Persistent (Data saved to host filesystem):

docker run -p 8080:8080 \
  -v /path/to/local/data:/data \
  registry.hub.docker.com/thecookiezen/archiledger:latest

Custom data path:

docker run -p 8080:8080 \
  -e LADYBUGDB_DATA_PATH=/custom/data/archiledger.lbdb \
  -v /path/to/local/data:/custom/data \
  registry.hub.docker.com/thecookiezen/archiledger:latest
Agentic Memory MCP Server

Requires LLM configuration for AI-powered features:

docker run -p 8080:8080 \
  -e OPENAI_CUSTOM_BASE_URL=https://api.example.com \
  -e OPENAI_CUSTOM_MODELS=model-name \
  -e OPENAI_CUSTOM_API_KEY=your_api_key \
  registry.hub.docker.com/thecookiezen/archiledger-agentic-memory:latest

With persistent storage:

docker run -p 8080:8080 \
  -v /path/to/local/data:/data \
  -e OPENAI_CUSTOM_BASE_URL=https://api.example.com \
  -e OPENAI_CUSTOM_MODELS=model-name \
  -e OPENAI_CUSTOM_API_KEY=your_api_key \
  registry.hub.docker.com/thecookiezen/archiledger-agentic-memory:latest
Environment Variables
Variable Default Description

LADYBUGDB_DATA_PATH

/data/archiledger.lbdb

File path where LadybugDB stores data

LADYBUGDB_EXTENSION_DIR

/data/ladybugdb-extensions

Directory for LadybugDB extension cache

OPENAI_CUSTOM_BASE_URL

-

Base URL for the OpenAI-compatible API

OPENAI_CUSTOM_MODELS

-

Model name to use

OPENAI_CUSTOM_API_KEY

-

API key for authentication

OPENAI_CUSTOM_COMPLETIONS_PATH

/v1/chat/completions

Custom completions endpoint path

The /data volume must be writable by UID 1000 (spring user).
Docker Tips
  1. Persistent Data: Always mount a volume (-v) to preserve your knowledge graph

  2. Container Lifecycle: Run with -d (detached mode)

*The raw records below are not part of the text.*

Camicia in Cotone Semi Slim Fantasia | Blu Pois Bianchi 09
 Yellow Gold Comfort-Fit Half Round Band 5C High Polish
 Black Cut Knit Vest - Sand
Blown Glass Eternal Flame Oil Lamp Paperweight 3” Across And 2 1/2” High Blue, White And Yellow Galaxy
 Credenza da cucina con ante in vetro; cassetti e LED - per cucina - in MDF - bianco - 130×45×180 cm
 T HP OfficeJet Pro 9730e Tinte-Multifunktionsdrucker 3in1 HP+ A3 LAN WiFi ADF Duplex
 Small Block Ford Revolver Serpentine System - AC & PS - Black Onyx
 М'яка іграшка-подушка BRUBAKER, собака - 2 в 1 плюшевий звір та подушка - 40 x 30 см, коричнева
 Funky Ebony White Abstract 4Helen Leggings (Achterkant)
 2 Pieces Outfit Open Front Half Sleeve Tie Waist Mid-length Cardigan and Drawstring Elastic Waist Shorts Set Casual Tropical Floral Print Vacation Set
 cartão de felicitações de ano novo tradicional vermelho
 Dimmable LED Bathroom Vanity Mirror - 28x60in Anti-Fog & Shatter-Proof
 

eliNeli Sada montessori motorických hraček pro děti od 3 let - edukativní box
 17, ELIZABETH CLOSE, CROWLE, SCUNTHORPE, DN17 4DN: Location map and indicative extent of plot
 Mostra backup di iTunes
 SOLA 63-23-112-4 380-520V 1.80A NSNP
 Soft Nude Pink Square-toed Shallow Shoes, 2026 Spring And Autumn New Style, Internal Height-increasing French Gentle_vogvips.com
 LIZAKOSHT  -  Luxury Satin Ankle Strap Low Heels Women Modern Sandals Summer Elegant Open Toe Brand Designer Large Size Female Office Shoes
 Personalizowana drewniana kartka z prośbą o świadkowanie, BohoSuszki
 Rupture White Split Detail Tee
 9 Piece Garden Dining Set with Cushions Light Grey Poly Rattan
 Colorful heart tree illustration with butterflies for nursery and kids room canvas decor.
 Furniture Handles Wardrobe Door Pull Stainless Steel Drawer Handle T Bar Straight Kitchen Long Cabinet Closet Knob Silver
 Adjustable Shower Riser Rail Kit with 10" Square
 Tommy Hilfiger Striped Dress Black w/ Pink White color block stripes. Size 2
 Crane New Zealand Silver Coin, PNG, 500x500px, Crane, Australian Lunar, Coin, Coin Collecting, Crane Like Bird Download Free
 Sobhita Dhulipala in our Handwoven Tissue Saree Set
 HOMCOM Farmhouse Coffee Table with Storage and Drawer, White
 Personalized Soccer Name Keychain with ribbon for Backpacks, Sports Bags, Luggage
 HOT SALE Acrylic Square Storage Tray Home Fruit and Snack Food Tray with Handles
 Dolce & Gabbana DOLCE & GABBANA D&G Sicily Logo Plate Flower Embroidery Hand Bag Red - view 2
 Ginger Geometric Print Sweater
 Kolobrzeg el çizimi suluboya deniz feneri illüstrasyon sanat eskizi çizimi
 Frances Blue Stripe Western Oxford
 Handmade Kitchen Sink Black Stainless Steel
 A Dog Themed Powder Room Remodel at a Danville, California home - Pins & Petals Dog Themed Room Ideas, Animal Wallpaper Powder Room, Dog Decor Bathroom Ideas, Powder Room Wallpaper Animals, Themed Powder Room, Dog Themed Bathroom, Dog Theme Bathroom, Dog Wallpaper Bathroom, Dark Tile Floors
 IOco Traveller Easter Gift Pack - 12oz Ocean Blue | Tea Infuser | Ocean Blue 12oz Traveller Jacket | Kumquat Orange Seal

  3. Port Conflicts: Map to different port (e.g., -p 9090:8080) and update URL

  4. Named Containers: Use --name archiledger for easy management

  5. Debug Logs: docker logs archiledger

3. Modules

3.1. Agentic Memory Module

The agentic memory module provides AI-powered memory management with automatic content classification, tagging, and knowledge graph evolution.

Maven Dependency
<dependency>
    <groupId>com.thecookiezen</groupId>
    <artifactId>agentic-memory</artifactId>
    <version>0.0.6</version>
</dependency>
Dependencies

The agentic memory module is built on the Embabel framework.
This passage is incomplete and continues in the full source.